ITEM 1 -- It looks like Canada has accepted Clara Hughes' Olympic challenge. You'll recall that after she won a gold medal in the 5,000 Metre long-track skating event, Clara Hughes pledged $10,000 of her own money to a charity called Right to Play. Well, as of today, Canadians have pledged more than $307,000. What a tribute in response to a selfless gesture. Kind of makes you proud, doesn't it?
ITEM 2 -- Have you ever wandered through a cemetary, just for the quiet beauty of it? I like to, from time to time. When I was a reporter back in Saskatchewan, I often visited cemetaries in small towns, where you could see the history of the community revealed in the stone markers. So A dream lies buried here, a wonderful article from the March 17 edition of the Globe and Mail's Facts and Arguments page, is one of the nicest pieces I've seen on the beauty of cemetaries and well worth the read. (I'm not sure how long it will be up on the site.)

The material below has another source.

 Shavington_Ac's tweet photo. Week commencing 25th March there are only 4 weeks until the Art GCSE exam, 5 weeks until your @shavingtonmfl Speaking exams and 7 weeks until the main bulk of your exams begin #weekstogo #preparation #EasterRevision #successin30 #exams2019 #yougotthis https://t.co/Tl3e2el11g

ITEM 3 -- I was talking with a former reporter colleague yesterday and it brought back lots of memories of life as a reporter. But compared to this series of articles from Salon.com (Part 1 and Part 2) on the bleak life for reporters in Baghdad covering the Iraq war, my time covering politics in Saskatchewan was a walk in the park. Iraq is a mess, and this excellent series makes clear just how desperate things have become.
ITEM 4 -- In a similar vein, I tracked down Christopher Allbritton's fascinating blog, Back to Iraq 3.0. Allbritton now lives in Iraq, after making news back in March, 2003, when he raised enough money from readers of his blog to go to Iraq to cover the war. He's now living in Iraq, working for Time magazine. He's earned a reputation from people who seem to know as a determined and honest journalist, who delivers a view of Iraq that you don't see as often as you used to.
Together the two items above make me appreciate just how difficult life has become for journalists trying to do their job in Iraq. Their world is a dangerous grey area, where nothing is quite what it seems and disaster can strike at any time. They deserve our respect, no matter what we think of the war itself.